Figure 1: Overall Architecture of the Proposed VSSD Model.
The NC-SSD framework variably allows for non-causal treatment of image sequences by modifying the role of the state space matrix A from a scalar determining hidden state retention to a determinant for the contribution of current tokens. This transformation enables comprehensive global information acquisition crucial in vision tasks while maintaining the efficiency associated with linear computational complexity. By discarding the causal mask and adopting a scalar-based approach, VSSD enhances the efficiency of both training and inference.
Methods and Technologies
Non-Causal State Space Duality
Central to the VSSD model is its NC-SSD block.
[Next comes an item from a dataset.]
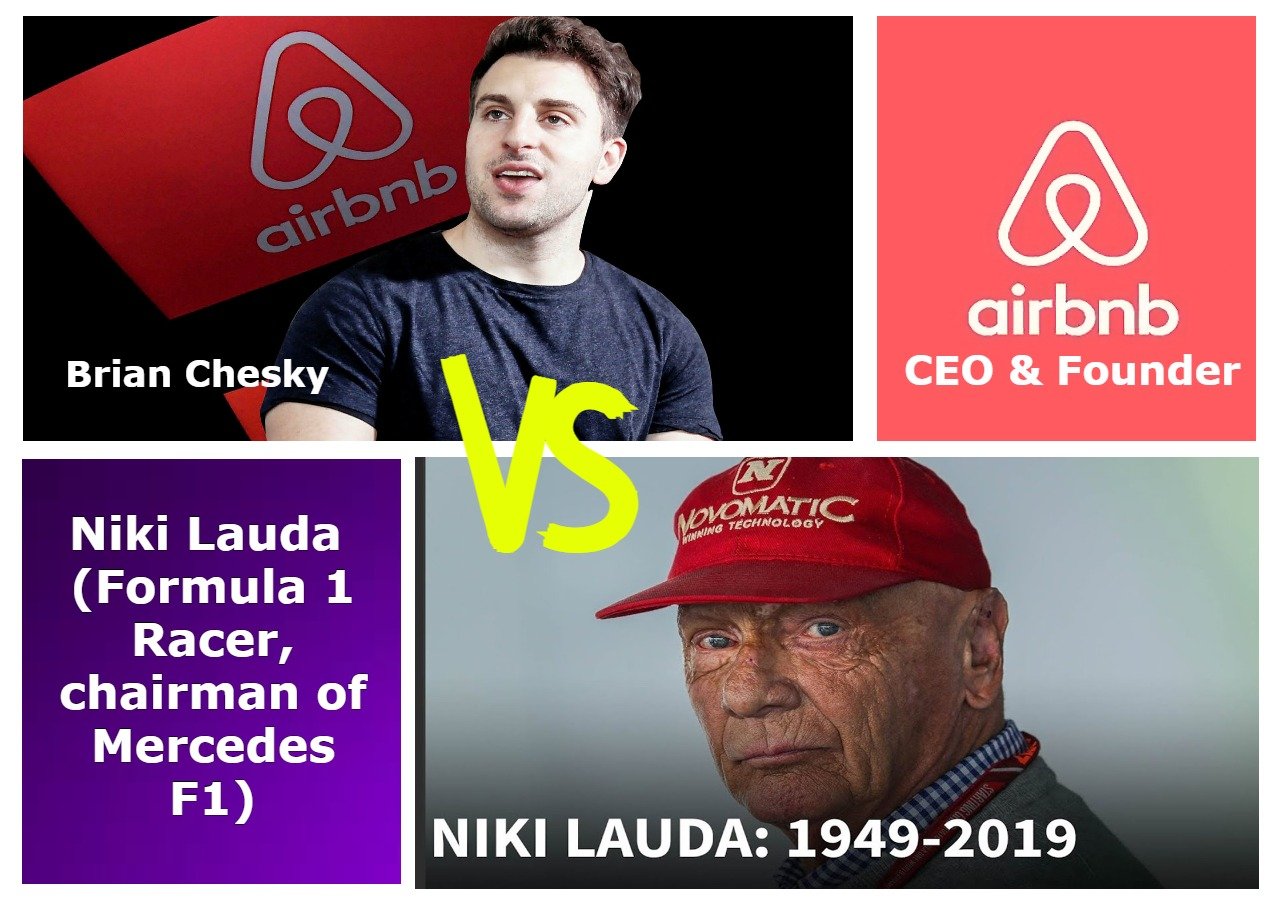 Brian Chesky (CEO of Airbnb) vs Niki Lauda (Formula 1 Racer) Net worth, Biography, Wife, Height, Salary, Wiki and More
This technology departs from traditional SSMs by adjusting how tokens influence state contributions, enabling a seamless transition from causal to non-causal processing. The NC-SSD dismisses previous dependency limitations, promoting a global context formation through inherent non-causality.
Figure 2: Illustration of the Hidden State Generation Process for SSD and NC-SSD.
This block contrasts sharply with existing SSM techniques, which often rely on multi-scan strategies for 1D token sequences. Rather, the NC-SSD allows tokens to share a singular hidden state, simplifying processing and expanding applicability to complex, non-causal datasets such as images.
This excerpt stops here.